Após esse período, diante da sólida demanda do mercado logístico doméstico, projetamos a reocupação dos imóveis e, consequentemente, elevação dos rendimentos para R$ 0,73 por cota.
Com a normalização da ocupação e aluguel nos próximos anos, estimamos uma taxa de vacância estrutural de 5% para o portfólio. Foi aplicada uma taxa de desconto real e líquida de 7,5% no fluxo de caixa das operações do fundo, gerando um valor justo de R$ 106 para sua cota, potencial de valorização de 13%.
Mesmo após a queda generalizada do setor, o fundo segue apresentando um desconto expressivo em relação aos seus pares e de 22% sobre o valor patrimonial (VP).
Ou seja, mesmo com o incremento marginal de risco, entendo que a posição em BRCO11 possui margem de segurança suficiente para carregamento no médio prazo.

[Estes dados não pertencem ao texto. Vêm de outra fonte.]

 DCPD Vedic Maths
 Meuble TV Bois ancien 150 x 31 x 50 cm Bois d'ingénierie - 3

Contudo, nota-se uma elevação importante no risco de crédito dos inquilinos do setor e, consequentemente, já olhamos impactos na ocupação de alguns portfólios. Deste modo, mesmo com a atratividade em alguns papéis (como o BRCO11), avalio que a exposição à logística neste momento deva ser modesta no portfólio.
Além do BRCO11…
O VBI Prime Properties (PVBI11), outro fundo apresentado no Décimo Andar, passará a ter exposição a uma locação da companhia, visto que está finalizando o processo de incorporação do fundo Vila Olímpia Corporate (VLOL11), detentor de 53% (10,4 mil metros quadrados) do empreendimento Vila Olímpia Corporate.
O empreendimento é localizado no bairro Vila Olímpia (SP), próximo das Avenidas JK e Faria Lima. Ele possui certificação LEED Gold, além de classificação AAA pela Buildings.

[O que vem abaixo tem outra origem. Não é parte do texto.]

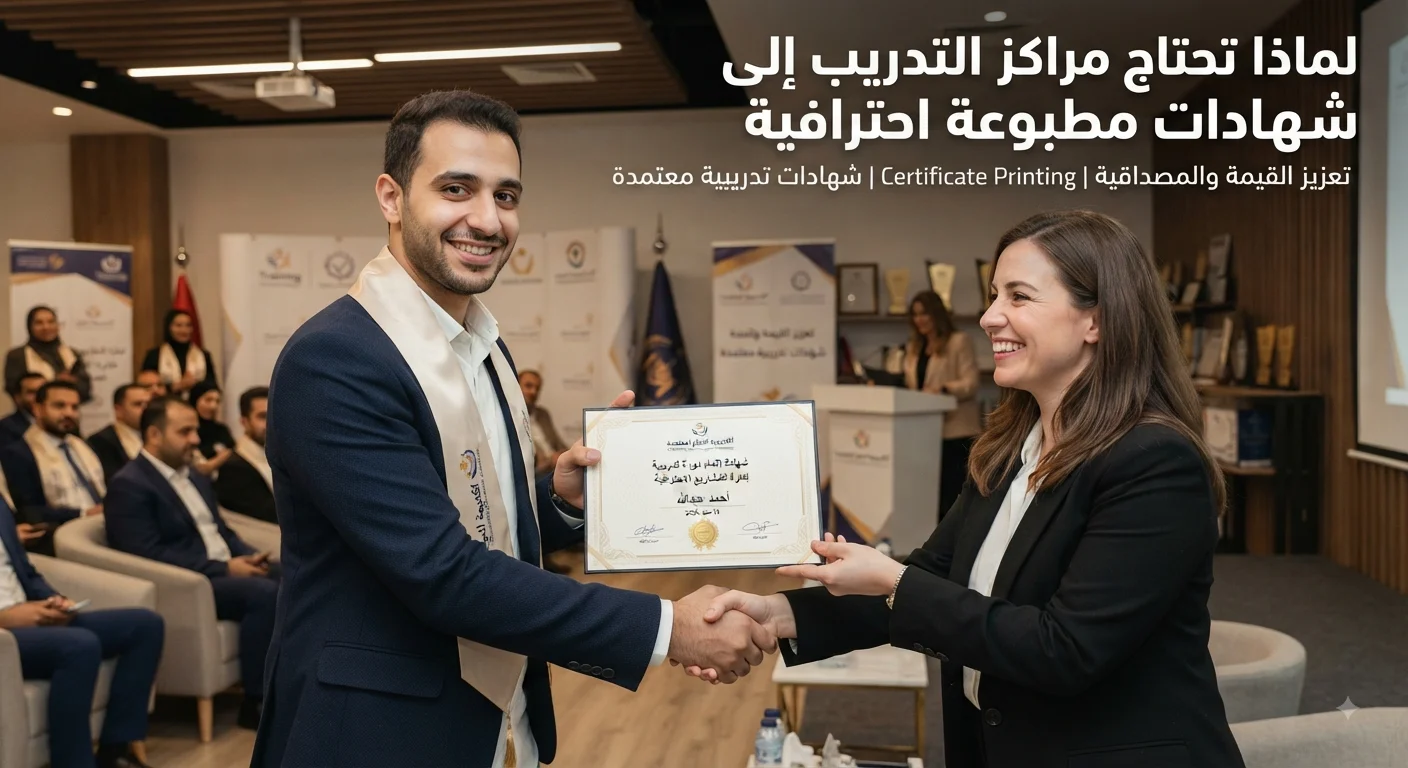لماذا تحتاج مراكز التدريب إلى شهادات مطبوعة احترافية؟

O risco da operação aumentou marginalmente nas últimas semanas, visto que a Americanas ocupa em torno de 27% da ABL adquirida, por meio de suas subsidiárias – no portfólio do PVBI11, esta parcela deve representar algo em torno de 5%.

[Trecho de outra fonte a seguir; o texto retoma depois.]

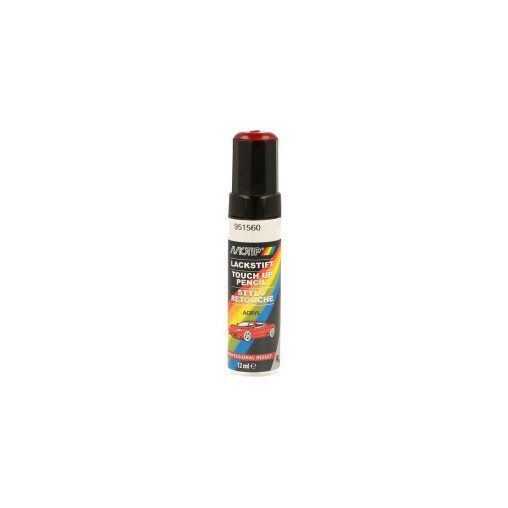 Pinceau de retouche 951560 Rouge métallisé MOTIP Touch Up 12ml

Assim como o BRCO11, o PVBI11 possui um dos portfólios mais consolidados no seu mercado (lajes corporativas), com ativos AAA e taxa de ocupação de 100%. O Vila Olímpia Corporate, por sua vez, mantém o nível de qualidade.
Em geral, a tese de aquisição da VBI consiste na capacidade de elevação do valor real do aluguel do empreendimento no decorrer do tempo, que seria efetivada com a equipe comercial da gestora.
Portanto, apesar do empreendimento se enquadrar ao perfil do portfólio do PVBI11, não se trata de um deal com geração de valor evidente para o cotista neste momento.
De todo modo, em uma perspectiva de valor (preço bem descontado em relação ao custo de reposição), existem fundamentos que apoiam a aquisição do imóvel. Além disso, a VBI tem track record suficiente para promover uma geração de valor no ativo.
Em caso de desocupação antecipada das subsidiárias da Americanas, a avaliação é que a área tem liquidez considerável para reposição.
Cotas em queda, mas...
Desde o início do ano, as cotas do PVBI11 sofrem grande pressão no mercado, influenciadas pelo ambiente macroeconômico e pelo evento de Americanas.
Atualmente, a cota apresenta desconto de quase 15% sobre o valor patrimonial (que deve recuar marginalmente após a incorporação do VLOL11). Cerca de 10 p.p. abaixo da média histórica (linha cinza).
Por mais que seu resultado operacional de curto prazo seja pressionado, vale citar que, em função da venda com lucro de outro imóvel da carteira (JK Torre B), o fundo possui um resultado extraordinário de R$ 3,27 por cota a distribuir. Portanto, o dividend yield não deve ser um problema em 2023.
Diante do contexto desafiador, uma boa seleção de ativos é essencial para a construção de um portfólio de fundos imobiliários.
Em suma, entre os critérios qualitativos de alocação que devem ser adorados, dou atenção especial ao perfil da gestão, a qualidade dos imóveis e a diversificação da carteira. Tudo isso validado pelo valuation no processo seguinte. Os fundos BRCO11 e PVBI11 atendem a essas características.